The CD146 extracellular domain is involved in endothelial–endothelial cell adhesion through tight junctions. The intracellular domain promotes the recruitment of the Src family kinase FYN as well as tyrosine phosphorylation of several intracellular proteins, including FAK (and paxillin), that are present in focal adhesion plaques.37, 50, 51 We observed increased FAK and FYN immunostaining in breast carcinomas of poor outcome compared with tumors from patients with longer survival.

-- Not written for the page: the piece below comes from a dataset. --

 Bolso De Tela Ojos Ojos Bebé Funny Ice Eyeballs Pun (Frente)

This is probably a result of increased cellular signals from cMet and CD146, which both act through FYN signaling pathways upon angiogenesis and rearrangement of the actin skeleton.49–51 Experimental studies have shown that anti-CD146 monoclonal antibodies inhibit proliferation and migration of endothelial cells and angiogenesis, reflected by a reduction in blood vessel density associated with tumor growth inhibition.51 This treatment exhibited no cytotoxic effects in animals, and its efficacy increased when the anti-CD146 monoclonal antibody AA98 was combined with other anticancer agents.51 Our data suggest that inhibition of CD146 and cMet in tumors overexpressing both markers should have a synergistic effect in potentially reducing angiogenesis and cell spreading, but clinical studies are required to demonstrate the efficacy of this strategy for human therapy.

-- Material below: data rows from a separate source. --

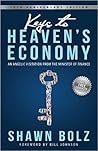 Keys to Heaven's Economy by Shawn Bolz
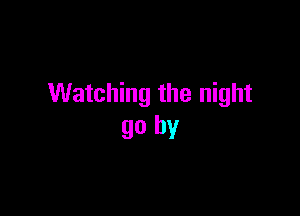 Watching the night

90 by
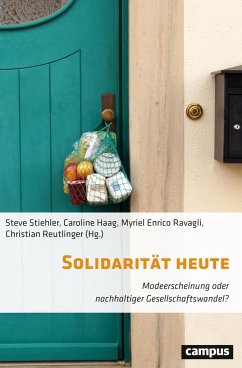 Solidarität heute - Stiehler, Steve; Haag, Caroline; Ravagli, Myriel Enrico; Reutlinger, Christian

In conclusion, we have used a standardized immunocytochemical procedure that is easy to perform in current practice with fixed tissue, to detect 42 potential prognostic markers. High-throughput quantitative densitometry was then applied to digitized TMA microscopic images. We were thus able to identify a simplified 15-marker signature predictive of disease outcome in 78.9% of a series of 924 patients, whatever their ER, PgR and c-erb B2 status, that could allow selection of those who can benefit from more aggressive therapies. Moreover, the markers identified may also be predictive of response to specific therapies like anthracycline/paxitaxel treatment or to more tailored therapies.
A deeper insight of the immunoprofile of the tumor subgroups included in this 924 series is now under investigation, particularly of those from node negative patients, and of “triple negative” tumor subset, using (i) additional markers and (ii) longer follow-up (up-dating with 2-year longer follow-up), but (iii) the same procedures for immunostaining automated quantification on TMA, and the same methods for statistical analysis. Our goal is now to identify an immunocytochemical signature predictive of poor outcome that would enable to select node negative patients who might benefit from more aggressive therapy and also that could significantly reduce unnecessary treatment in about 70% of node negative patients along with reduced drawbacks and costs of early breast cancer management. Our purpose is also to identify relevant new targets for specific therapy.
We are grateful to ROCHE for supporting Master's and PhD projects (V. Secq and S. Giusiano).